ABC Pulls Channels From Cablevision
wkurzius writes "Cablevision and ABC have failed to come to an agreement after two years of negotiations, and as a result ABC has pulled all their channels from the Cablevision lineup. The dispute is over $40 million in new retransmission fees that Cablevision says they won't give to ABC. On the other side, Cablevision has been accused of not being fair to their customers despite pocketing $8 billion last year. 'The companies immediately published press releases Sunday morning, blaming each other for failing to reach a deal. Cablevision subscribers on Twitter expressed their frustration, saying they shouldn't be deprived of ABC shows, including the Oscars on Sunday, because of a multi-million-dollar deal gone awry. Competitors such as Verizon Communications took advantage of the dispute. The company launched television, newspaper, and online ads offering Cablevision customers speedy installs to subscribe to its FiOS television service along with $75 gift cards, highlighting a fierce war for subscribers in the valuable New York market.'"
People actually watch the oscars?
Who wants to watch an entire industry of false people pat themselves on the back for
another record breaking year of unoriginality, mediocrity and bullshittery?
Sure I'll take that deal - WHEN YOU MAKE FIOS AVAILABLE IN MY @%&#! NEIGHBORHOOD!!!
Prisencolinensinainciusol. Ol Rait!
Al la carte, please.
You want to know why your cable bill is so high? This is why. Cable stations (and now network stations) charge cable companies to carry their channels. So they get paid whether you watch their content or not!
It is these deals that keep things like Hulu from happening because why would a cable station offer their program for only advertising revenue online when they can get fixed monthly revenue plus advertising over cable/satellite.
And this is why your cable bill is so high. You are paying for channels whether you watch them or not. And due to big bundles, you're paying for a lot of them.
Meanwhile, the cable (and satellite) companies make these big bundles so they can hide the cost of carrying these channels by making you think you're paying for breadth of content. Mostly, you're actually paying most of it for 5 ESPN channels! And that's great if you want to pay that much for ESPN. But the rest of us need more choice.
Each channel should be individually tallied so you know how much you're paying for each channel. If you feel the channel is worth the price, you pay for it. If you feel it isn't worth it, you can not pay for it. And if enough channels don't get picked up by people, they will realize they can't just get free money, they have to provide content people want to watch, and once they do that, they won't care if they get their viewers from cable companies or Hulu.
This would be preferable to seeing larger and larger bundles pushed on us.

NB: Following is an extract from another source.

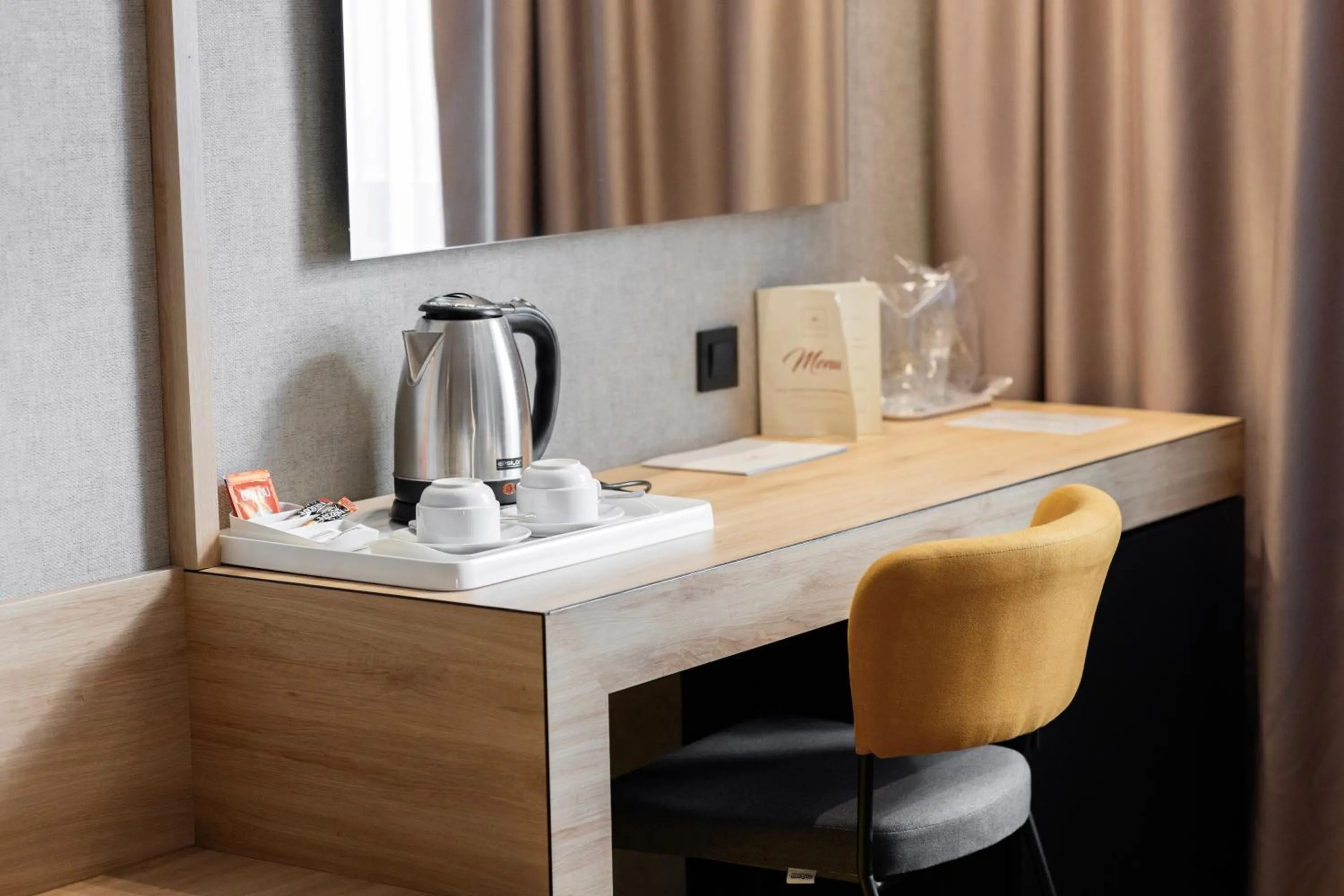 Bedroom in Hotel Holiday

http://lkml.org/lkml/2005/8/20/95
I skimmed the article, and the summary seems pretty good. So, isn't ABC still broadcast over the air? I didn't see a list of the other ABC channels, but most everything focused on the main ABC one like Lost, Good Morning America, Oscars, etc.
Also, this seems to be a trend with ESPN and other companies and cable providers having standoffs. Yes, I'm one of those that got rid of cable and haven't bothered with hooking an antenna to my TV. Even with a DVR, the commercials and lack of good content just makes watching too much effort (and cost) for the reward.
And no one even noticed.
---- Booth was a patriot ----
If you're going to tell the story at least get it right.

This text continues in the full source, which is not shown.